Isn’t this what happened, when Jesus said He would return? They believed Him, you know. The New Testament writers thought that He really meant it, that Jesus would come back for them in that one final victory. But time went on, and regular life took over. The prophecy faded, and now to modern ears sounds as believable as the Easter bunny.
As I read the Bible, both the Old and New Testaments urge us to yearn for that day when our faith shall become sight. The final victory. Easter isn’t the end of the story, it’s not the whole picture! An important part, to be sure. Without the resurrection, what Jesus did wouldn’t matter one bit. But it seems to me that the rest of the story hinges on His return. Do you believe He’s coming back?
It was about three years ago when I began praying for spiritual eyes. And while I didn’t really know what “spiritual eyes” would do for me, I had a deep conviction that our physical world isn’t the real thing, but that the real thing goes on in the spiritual realm. And I wanted it to know more about this place, to see it. In church we call this “life by the Spirit.” But while I had read about this in my Bible I really didn’t understand what it meant.
Not long after that prayer, I went to a movie with my husband and some friends, a married couple we have known for a long time but with whom we aren’t especially close. We get together once or twice a year to catch up with each other. So during the middle of the movie I felt an overwhelming urge to pray for my friend. She is not a believer, and I assumed that’s why God wanted me to pray. As I prayed silently in my chair, the “burden” for her grew stronger, and became so strong that I felt compelled to get up and pray audibly. So I excused myself to the restroom, locked myself in the back stall, and prayed with whispers. This urgency had never happened before, but now I know it was the Holy Spirit calling me to pray.
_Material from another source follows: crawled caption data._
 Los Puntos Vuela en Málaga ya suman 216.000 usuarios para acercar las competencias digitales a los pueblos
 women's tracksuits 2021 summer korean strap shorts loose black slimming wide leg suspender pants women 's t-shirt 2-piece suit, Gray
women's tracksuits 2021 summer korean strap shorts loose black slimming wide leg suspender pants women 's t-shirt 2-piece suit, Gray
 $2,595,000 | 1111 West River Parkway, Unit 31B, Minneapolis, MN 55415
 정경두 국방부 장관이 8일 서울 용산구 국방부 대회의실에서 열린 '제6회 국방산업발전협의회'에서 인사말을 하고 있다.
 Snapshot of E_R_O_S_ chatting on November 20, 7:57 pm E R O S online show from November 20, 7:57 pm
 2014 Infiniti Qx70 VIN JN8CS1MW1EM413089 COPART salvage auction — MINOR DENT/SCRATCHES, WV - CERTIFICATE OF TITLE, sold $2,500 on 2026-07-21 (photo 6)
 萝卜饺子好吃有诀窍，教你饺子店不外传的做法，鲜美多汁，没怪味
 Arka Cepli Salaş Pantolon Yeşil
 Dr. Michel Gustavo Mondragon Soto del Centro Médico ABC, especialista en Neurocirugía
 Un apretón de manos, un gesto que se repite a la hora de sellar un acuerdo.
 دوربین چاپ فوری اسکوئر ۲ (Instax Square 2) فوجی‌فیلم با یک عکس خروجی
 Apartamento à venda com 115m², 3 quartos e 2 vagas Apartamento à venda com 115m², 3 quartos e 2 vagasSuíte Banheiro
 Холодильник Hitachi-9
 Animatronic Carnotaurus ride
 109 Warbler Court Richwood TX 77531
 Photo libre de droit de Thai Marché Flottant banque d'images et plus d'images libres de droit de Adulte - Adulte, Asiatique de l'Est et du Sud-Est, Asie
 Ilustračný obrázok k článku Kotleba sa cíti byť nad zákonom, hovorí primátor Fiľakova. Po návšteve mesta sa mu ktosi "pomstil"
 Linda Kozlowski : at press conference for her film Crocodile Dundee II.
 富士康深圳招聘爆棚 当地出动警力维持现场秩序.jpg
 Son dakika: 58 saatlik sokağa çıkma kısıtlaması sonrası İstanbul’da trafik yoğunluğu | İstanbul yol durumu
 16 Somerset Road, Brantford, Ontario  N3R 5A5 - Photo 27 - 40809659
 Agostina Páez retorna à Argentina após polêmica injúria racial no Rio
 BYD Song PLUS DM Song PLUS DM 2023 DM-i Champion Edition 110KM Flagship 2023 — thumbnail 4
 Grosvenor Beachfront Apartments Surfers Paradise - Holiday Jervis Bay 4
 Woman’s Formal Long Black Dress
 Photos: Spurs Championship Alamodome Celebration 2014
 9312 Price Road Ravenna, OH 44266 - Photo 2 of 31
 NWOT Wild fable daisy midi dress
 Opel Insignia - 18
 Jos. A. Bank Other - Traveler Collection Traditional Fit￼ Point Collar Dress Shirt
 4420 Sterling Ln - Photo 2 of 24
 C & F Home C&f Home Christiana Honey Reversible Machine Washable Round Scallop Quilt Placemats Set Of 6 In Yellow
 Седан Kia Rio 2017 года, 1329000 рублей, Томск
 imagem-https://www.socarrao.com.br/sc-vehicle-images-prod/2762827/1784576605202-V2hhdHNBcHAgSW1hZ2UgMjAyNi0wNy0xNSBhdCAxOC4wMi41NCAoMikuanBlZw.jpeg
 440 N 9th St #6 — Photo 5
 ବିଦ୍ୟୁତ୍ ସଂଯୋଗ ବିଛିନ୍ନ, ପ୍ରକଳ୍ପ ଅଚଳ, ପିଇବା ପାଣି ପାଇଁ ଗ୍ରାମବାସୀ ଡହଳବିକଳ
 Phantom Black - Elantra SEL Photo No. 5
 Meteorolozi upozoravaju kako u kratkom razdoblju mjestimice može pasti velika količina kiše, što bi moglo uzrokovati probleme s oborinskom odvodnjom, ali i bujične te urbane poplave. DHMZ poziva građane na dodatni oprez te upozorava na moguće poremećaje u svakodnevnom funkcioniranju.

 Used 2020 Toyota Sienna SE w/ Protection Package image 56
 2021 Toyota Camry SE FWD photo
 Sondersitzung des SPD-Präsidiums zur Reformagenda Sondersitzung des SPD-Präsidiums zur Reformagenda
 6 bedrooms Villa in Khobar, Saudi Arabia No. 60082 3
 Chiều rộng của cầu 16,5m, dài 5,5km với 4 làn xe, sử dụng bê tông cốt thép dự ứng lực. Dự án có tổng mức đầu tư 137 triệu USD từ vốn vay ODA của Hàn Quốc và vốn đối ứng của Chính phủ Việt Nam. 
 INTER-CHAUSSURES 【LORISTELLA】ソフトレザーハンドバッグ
After the movie and when my husband and I were alone again, I told him about what had happened. And then our lives went on, and months went by without me even thinking about her, except for every now and then when I would wonder why God wanted me to pray for her. Then one day out of the blue, her husband called us and said they were having some serious marriage problems, in fact they were separated and she didn’t want to be married anymore. He wanted to work it out, she didn’t.
Over the next few months I met her for lunch on a regular basis and we talked about everything. During one of our lunches, I felt compelled to tell her about that night at the movie, when I had prayed for her. It didn’t seem to make much of an impact, and I felt a little let down. I was expecting something more, like tears or a declaration of faith at least! Driving home I felt confused about why God wanted me to pray for her and then tell her about it.
When I came home from lunch I checked email, just like always. And there was a message from her, saying that she couldn’t handle talking about it at lunch, but it was during that time frame when we saw the movie that she began considering divorce and that even during the movie she thought about it. Then I was the one with tears, because I knew without a doubt that God Himself pulled me up out of that movie theater chair, so that I would pray for one of his lost children.
I wish I could say differently, but even after this revelation, she still filed for divorce. And to my knowledge, she is still not a believer. But God used me to get a message through to her: that He does care about her, and about what happens in her life. Hopefully someday that seed will begin to grow.
Since then God has been adjusting my spiritual vision and, fortunately, He has also allowed me to see some victories in the spiritual battleground.